Размер шрифта
-
+

Убыр: Дилогия - стр. 41

Два часа быстро пройдут.

Странно, что с Дилькой практически такое же объяснение прошло. Обычно она совсем мамкин подол, не отстает. Поэтому я готовил речь минут на пятнадцать, придумывал что-то про родительскую болезнь, ремонт, командировку и про замечательный подарок, который däw äti наверняка нам сделает на каникулы. А Дилька и слушать не стала. Спросила только, почему нельзя у Гуля-апы переночевать, как быть завтра со школой, можно ли взять Аргамака и поведет ли нас däw äti на ипподром. Я соврал чего-то, и Дилька тут же взяла меня за руку и сказала: «Ну пошли».

Я малость обиделся даже. И за свое непригодившееся вранье, и за родителей: могла уж узнать, чего ради мы от них сматываемся. Но быстро сообразил, что Дилька тоже не дура – пусть не все понимает, но видит и слышит очень многое. И если я готов без вопросов в Африку бежать, то почему она не может.

Без Дильки было бы, конечно, удобнее. Она устает, капризничает, хочет в туалет, просит все время что-нибудь: то пить, то телефон, то в города играть. Ролик этот, пока едем, раза три затребовала. У меня аккумулятор садится. А ей скучно, видите ли. Мир из-за этого должен упасть на коленки и делать все, что велит молодая госпожа. Но я ж обещал ее не бросать. И к сожалению, не успел от этого обещания освободиться.

Потерпим. Чуть больше часа осталось. Ерунда.

Мы в последний год к электричке не подходили. Машина есть, ее обкатывать надо. А вот до того накрутили по рельсам с пол-экватора. И в таких вагонах, что непонятно, от чего умереть хочешь – от рези ниже спины, помятых ребер или душной вонищи. Вагоны старые обычно были и переполненные, как спичечный коробок, в который впихиваешь спички из другого коробка, когда серный бок стерся. И пассажиры в таких вагонах особенные – краснолицые, пахучие и толстые, в плащах и ватниках и с корзинами или клетчатыми сумками, которые соседям ноги обдирают даже сквозь зимние сапоги.

А так, как сейчас, чего не ехать: вечер, народу почти нет, мест полно, рядом никто не сопит и не толкается, сиденья мягкие, вагон новенький. От этого и желтый воздух пластмассой попахивает – терпимо. Зато чистенько, застекленные двери в тамбур блестят. И в стеклах отражаются два милиционера, неторопливо идущие к нам от дальнего конца вагона.

Я не боюсь полиции, пусть ее преступники, алкаши и гастеры боятся. Но понятно же, что нам с Дилькой лучше на глаза ментам не попадаться. Докопаются, спросят, почему без родителей, ссадят, отправят домой.

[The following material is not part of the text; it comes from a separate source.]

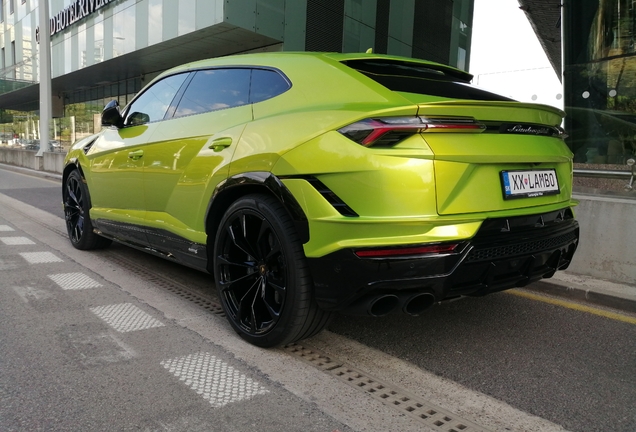 Lamborghini Urus S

И все.

А я к этому всему еще не был готов. Поэтому наклонился к Дильке и вполголоса сказал:

– Диль, ты пить хочешь? Не ори только. Давай я тебе налью.

Дилька посмотрела с удивлением и даже опаской. Не привыкла к таким братским поклонам. Но, конечно, кивнула – когда она от сока отказывалась. Я в дорогу специально три коробочки купил, как она любит – мелких и с соломинками.

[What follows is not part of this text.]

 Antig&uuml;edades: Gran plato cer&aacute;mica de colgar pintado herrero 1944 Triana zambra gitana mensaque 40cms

Я полез в стоявший под ногами пакет и принялся копаться в свертках и салфетках, очень надеясь, что и впрямь со спины похож на взрослого мужика, как мне Гуля-апа десять раз уже говорила.

Похож не похож, но пронесло. Я ковырялся обеими руками сколько мог, гадая, это проходивший мент сиденье оттопыренной дубинкой зацепил или мне показалось. И решился выпрямиться, лишь почувствовав, что прилившая к голове кровь уже в корни волос сочится. Ментов не было. Даже у ближней двери – видимо, скрылись в следующем вагоне.